This past weekend marked a milestone for the electronic display industry, the 50th anniversary of the Society for Information Display (SID) which was celebrated at its birthplace, Boelter Hall at UCLA. SID is the preeminent organization serving the display industry, sponsoring symposiums for display technology and display business. Several of those early contributors have passed away in recent years. Looking back 50 years, the industry was still using Nixie tubes and was only developing commercial CRT displays. I have a clear memory of my early days at Xerox R&D as a co-op student more than 40 years ago, asking my boss what the ideal display would look like. With only a moment’s thought he pointed to a memo on his desk and said that it would look just like this – paper, but would be instantly reconfigurable.
While displays have come a long way they still do not look as good as paper. Even though paper doesn’t emit one photon of light, nobody ever says that it doesn’t look bright enough or colorful enough or flexible enough or thin enough or low power enough or sufficiently viewable from all angles. One has to wonder if in 50 years we will yet have a display with the attributes of paper.

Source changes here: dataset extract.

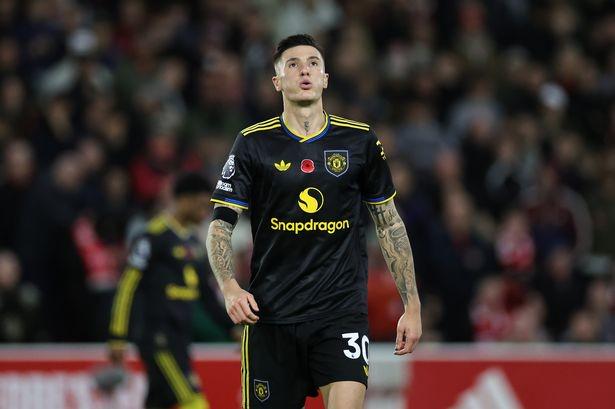 謝林漢姆：槍手簽下了杰克雷什而不是舍什科 并得到了一名更好的中鋒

I could never have imagined in those early years that anyone would ever complain that a display was too colorful. Yet, that is exactly the conclusion of Ray Soniera of DisplayMate. http://bit.ly/PgmCFN He says that the display in the Galaxy S3 is too colorful because it has a color gamut in excess of sRGB, a standard that was historically picked for studio monitors. The iPhone5 has an LCD that very closely matches sRGB, so presumably that make this better that the Galaxy S3 that has a gamut that is ~105% of 1953 NTSC
On the other hand, every TV showroom is filled with TVs that strive for 1953 NTSC color gamut, a gamut that is 41% larger than sRGB. It was correctly noted by some bloggers that if one offered a TV with only sRGB consumers comparing TVs would be very unlikely to pick the sRGB model for their TV. You need to be a judge of this attribute for yourself. While sRGB has been the gamut standard for web content, smartphones are increasingly displaying video, where the standard has been NTSC. There are those who now expect their smartphone to be able to display both video and web content with the color of the most demanding application.

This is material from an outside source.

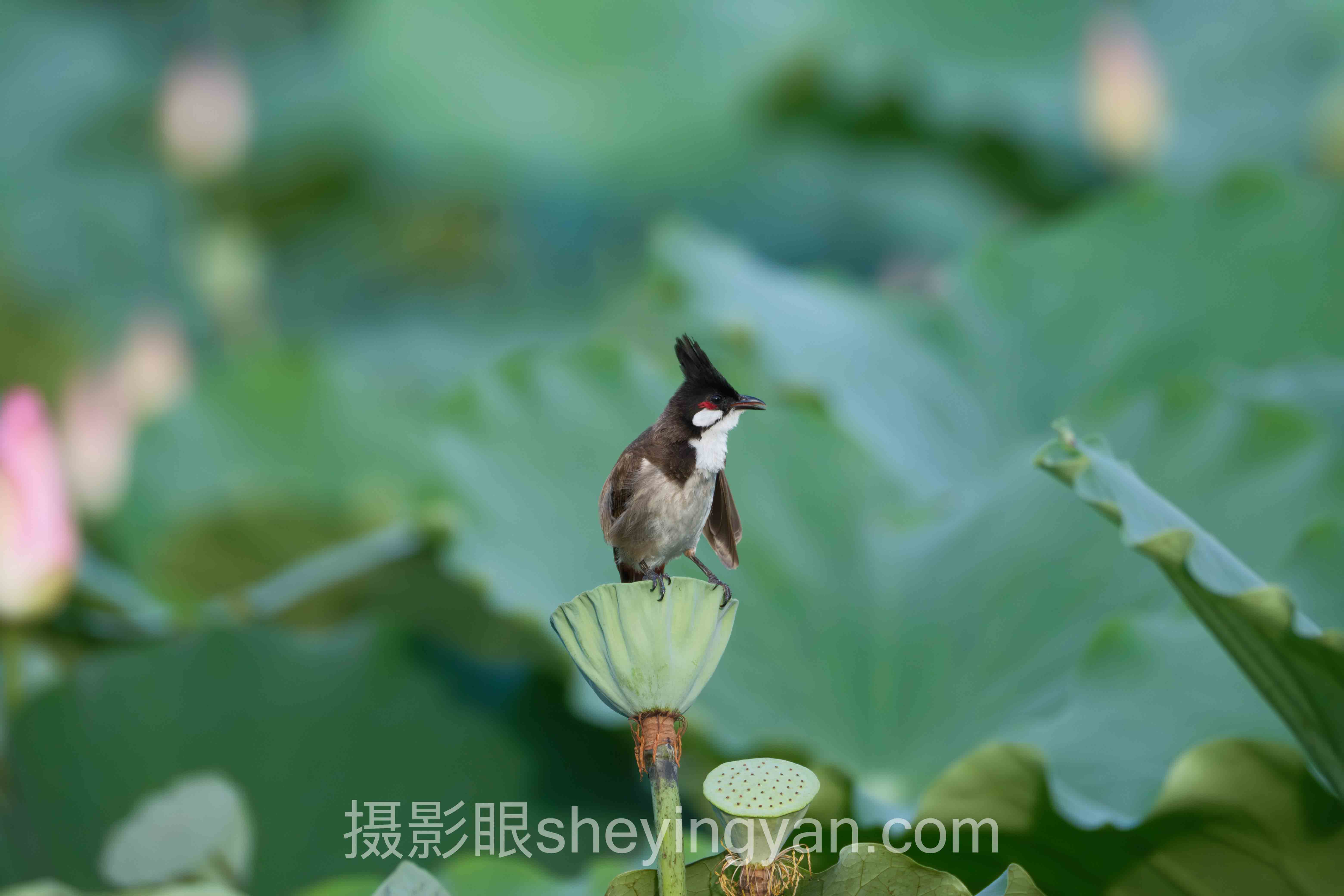 AI评分维度解析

At this link you can see a comparison of both NTSC and sRGB
When I have demonstrated my Galaxy S3, those people that I have polled have been very impressed with the color and the contrast. None have said it has gaudy colors.

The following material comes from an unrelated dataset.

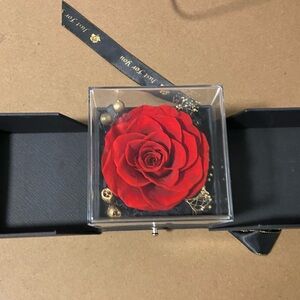 Preserved Red Rose w/ earrings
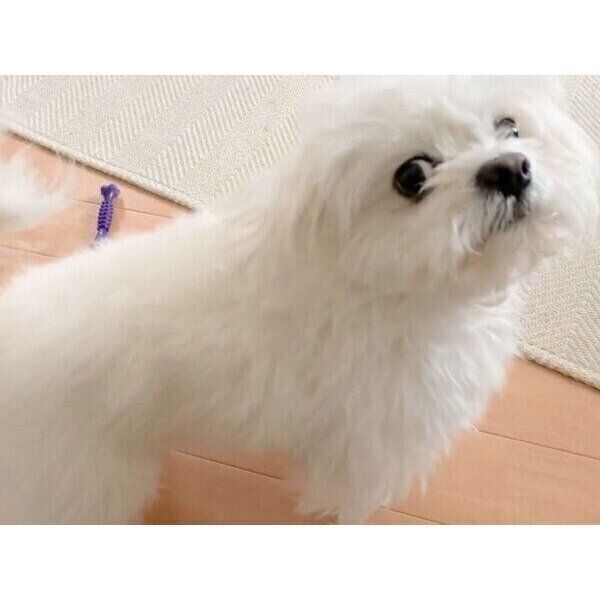 お散歩に行きたいわむうくん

Ray also comments that the Galaxy S3 needs to be brighter. On this point I might agree. If you want to use the S3 in full sunlight it is difficult to compete with an LCD that is also partially transflective. It takes considerable brightness to compete with the sun. That said it is largely due to PenTile technology that the S3 display is as bright as it is. Brightness correlates to current density. Lifetime is affected by current density. Thanks to PenTile which reduced current density, the S3 is still viewable in rather bright environments.
Neither the Galaxy S3 nor the iPhone 5 display are yet up to the standards of paper, but I must say that both of these displays have come a long way from where this industry began only 50 years ago.